Stella Mozgawa, quant à elle, en a profité pour poser ses fûts chez Kurt Vile, Jagwar Ma ou Jamie xx :
“C’est autant une fuite qu’une façon de nourrir le groupe, explique cette dernière. Il est vital de pouvoir s’éloigner. Etre dans un groupe implique des compromis permanents. Il faut être attentive aux sentiments des autres membres. Quand tu joues avec d’autres musiciens, tu développes de nouvelles aptitudes. Je détesterais que les filles se sentent menacées par mes autres projets. Ce ne serait qu’un argument de plus pour quitter le groupe.”

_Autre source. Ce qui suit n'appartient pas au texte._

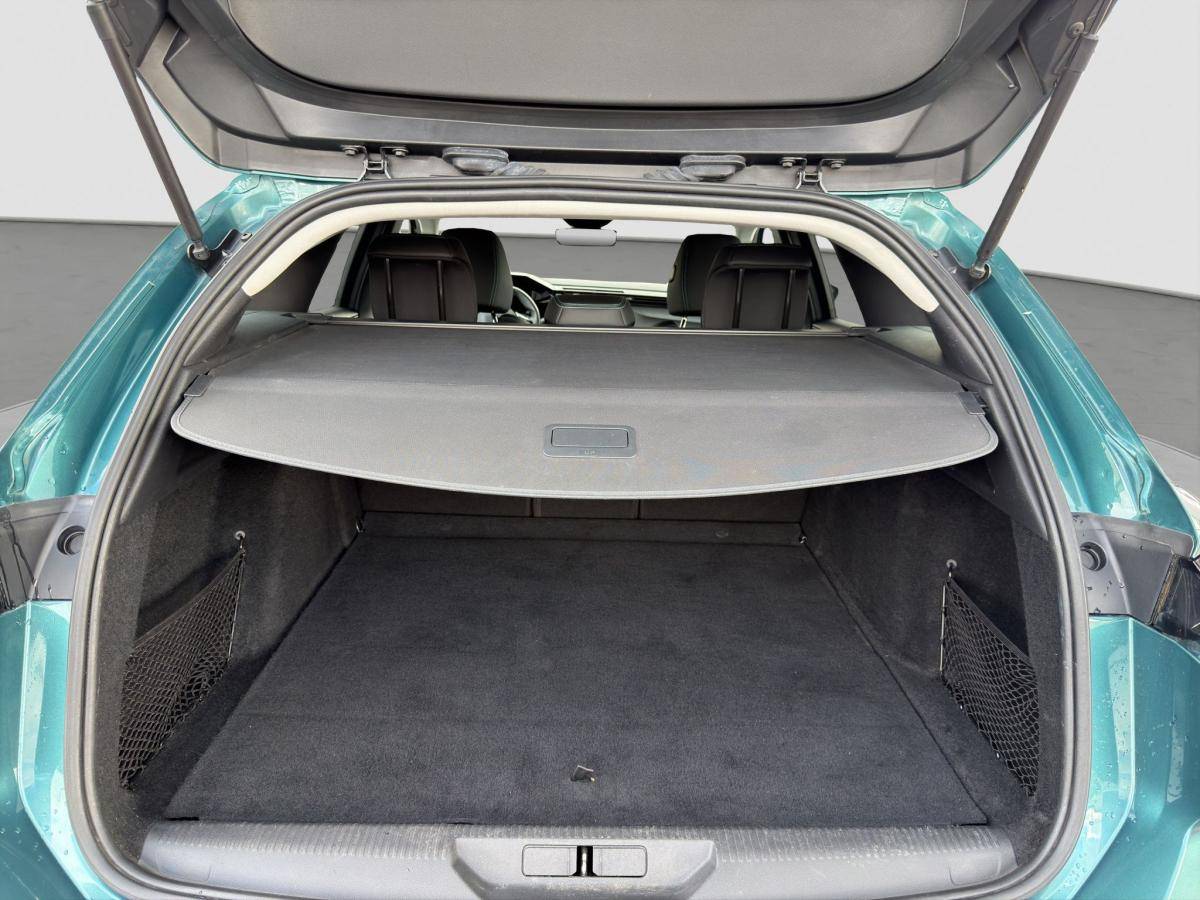 peugeot-308-sw-2023-hibrido-a-gasolina-1598cc
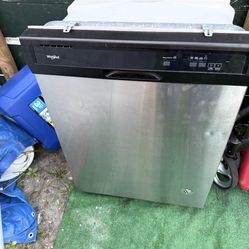 Whirlpool Dishwasher 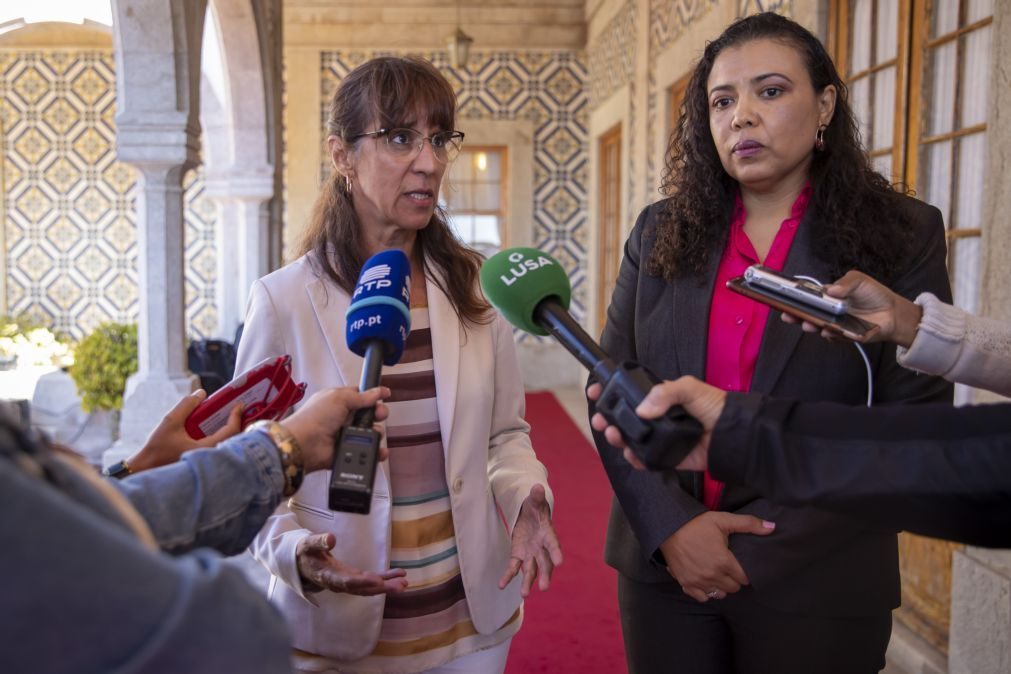 Ministra pede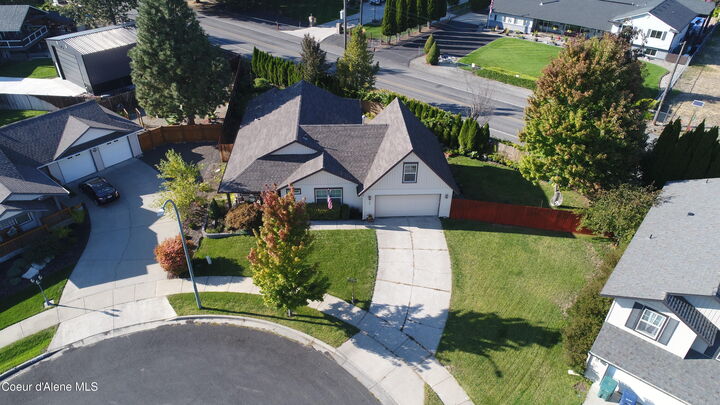 Property Photo:  1283 E Center Green Loop  ID 83815 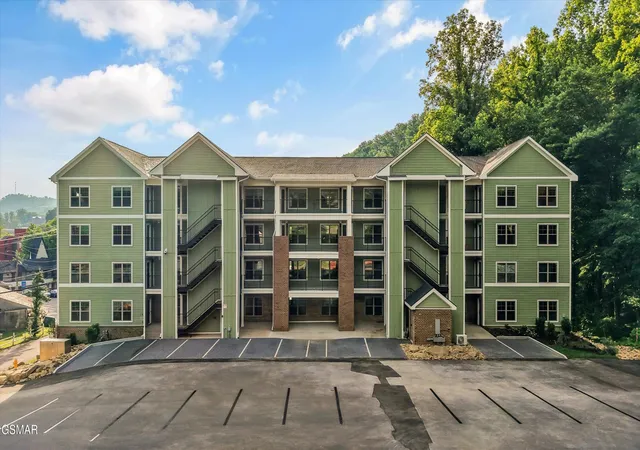 2nd image of 329 Ownby Street #1406, Gatlinburg, TN 37738 | MLS# 3280844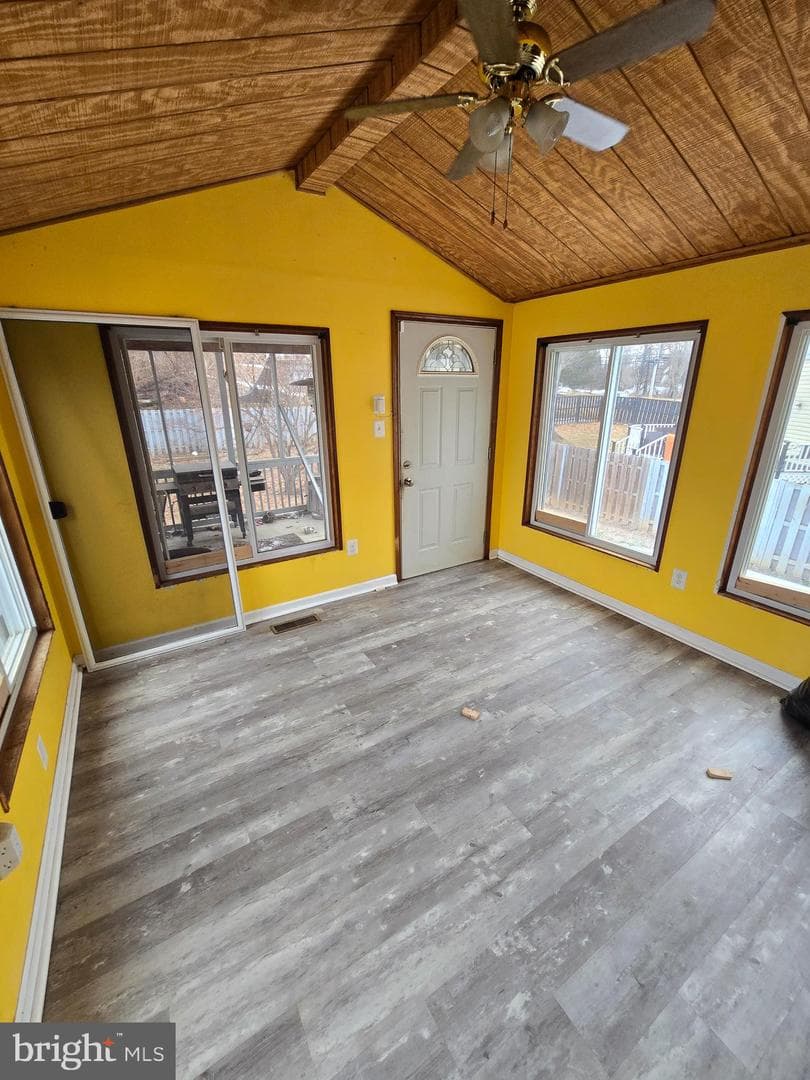 10508 Meadowridge Lane photo 13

Si son album précédent avait été enregistré entre le désert de Joshua Tree et Londres, cette fois Warpaint a préféré rester à la maison, à Los Angeles. “Theresa a un fils, Jenny a un chien…”, résume Emily Kokal. Dans un même élan de familiarité, les Californiennes ont confié la production de ce troisième album à Jake Bercovici, déjà producteur du premier ep du groupe :
“On avait besoin de cette intimité. Aller dans un studio chicos avec le producteur du moment pour faire un album qui coûte un bras ? Non merci !, ironise Stella Mozgawa. Jake est un grand producteur mais il n’est pas la dernière coqueluche en date. Il a enregistré le premier ep des filles, avant que je ne rejoigne le groupe. Il connaît bien Warpaint. Il a aussi produit la première chanson que j’ai enregistrée avec le groupe, une reprise d’Ashes to Ashes de David Bowie.”
« L’herbe a vraiment été un outil utile en studio »
Le résultat ? Onze éclats d’une sensualité perturbante et vénéneuse. Un territoire pop accidenté et pourtant lascif sous lequel viennent poindre des rythmique trip-hop (By Your Side) ou r’n’b (Dre). Prenant ses distances avec la noirceur de ses deux premiers albums, le groupe vise désormais plus loin que le crépuscule : l’aube. Warpaint s’amuse, alterne caresses et morsures et mêle ses guitares réverbérées à la moiteur de The Velvet Rope de Janet Jackson (Don’t Wanna), la matrice des premiers Björk ou le savoir-faire catchy des Cardigans (So Good, New Song).
De ces mélodies rénovées et hypnotiques se dégage une remarquable odeur de chanvre. “L’herbe a vraiment été un outil utile en studio. C’était nouveau pour nous d’enregistrer un album à la maison en fumant des joints”, s’amuse Kokal. Décidément, ces Californiennes sont du bon côté de la vie.